Milestone doesn’t take on many projects each year, but they always make up in terms of quality. Though Benacerraf did not disappear completely from the film scene, she did not make another film after “Araya” and there is not exactly a surplus of material available about her. Nonetheless, Milestone has managed to pack in a good amount of material.

Best of all is the film “Reveron,” Benacerraf’s 1953 short film (23 min.) about the Venezuelan artist Armando Julio Reveron. Like “Araya” this is a poetic film which plays even more with multi-layered sound for various (sometimes heavy-handed effects.) As an artsy film about an artist, it feels a bit precious, but it’s beautiful and gives viewers access to Benacerraf’s only other work. Reveron died in 1954.

Both “Araya” and “Reveron” are accompanied by commentary tracks in which Benacerraf is interview by Milestone’s Dennis Doros. The director has plenty to say 50 years after her film was made, and this is well worth listening to in its entirety. I haven’t listened to the commentary on “Reveron” yet.

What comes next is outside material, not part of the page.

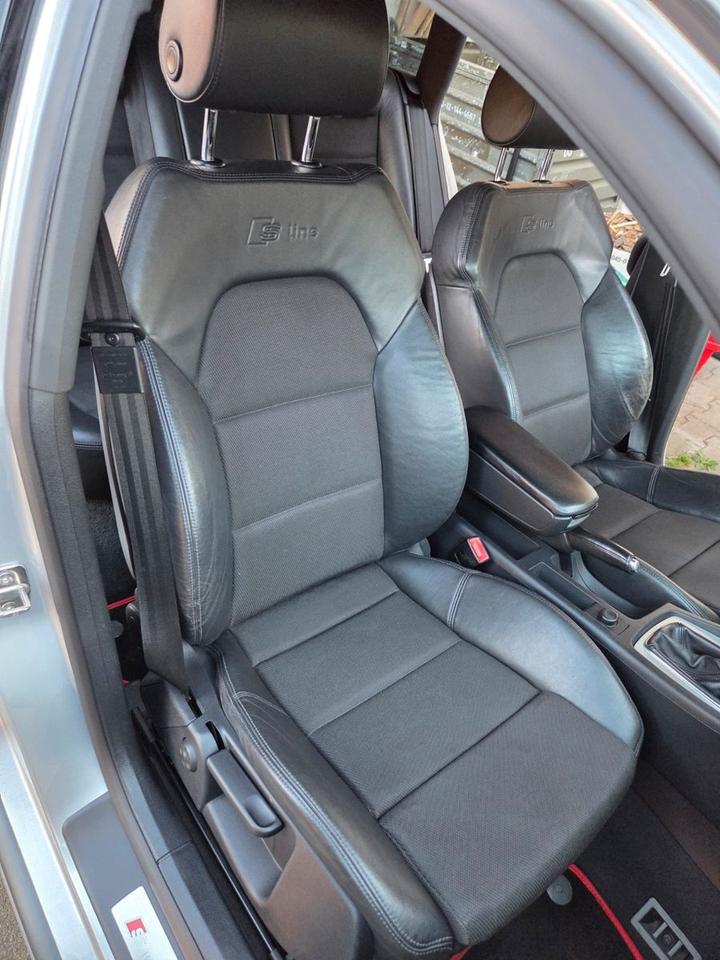 Audi A4 2005 — photo 11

“The Film of Her Life” (16 min, dir. Antoine Mora) sees Benacerraf returning to Araya approximately 50 years later. It’s interesting to get a look not only at the changes in Araya, but also to see Araya in color. Benacerraf tracks down some of the people (or their relatives) in her film. She emphasizes that her film is poetry before it is documentary (though the two are hardly exclusive).

There are also two interviews with the director: “Margot Benacerraf: más allá de Araya” (1996, 23 min.) and “Moving Paintings” (2001, 10 min.) The combined interviews cover both “Araya” and “Reveron.”

Milestone’s trailer for the 2009 re-release of “Araya” (2 min.) is also included, along with DVD-Rom files, including the film’s press kit and information from the director’s personal records. I have not had the chance to sample these yet.

FILM VALUE

Perhaps if Margot Benacerraf had been based in Paris (where she studied film) instead of Venezuela, “Araya” would already be a familiar cinematic touchstone. If things had broken slightly differently, she might have been known as Venezuela’s Agnes Varda. Instead, “Araya” is a glittering anomaly, not lost, but rarely seen, and Milestone has done a remarkable job in restoring the film to pristine condition as well as providing a passel of extras that serve as a testament to Benacerraf’s career. This SD transfer outclasses plenty of 1080p efforts, and there’s little doubt that “Araya” is one of the best and most important DVD releases of 2011. Highly recommended.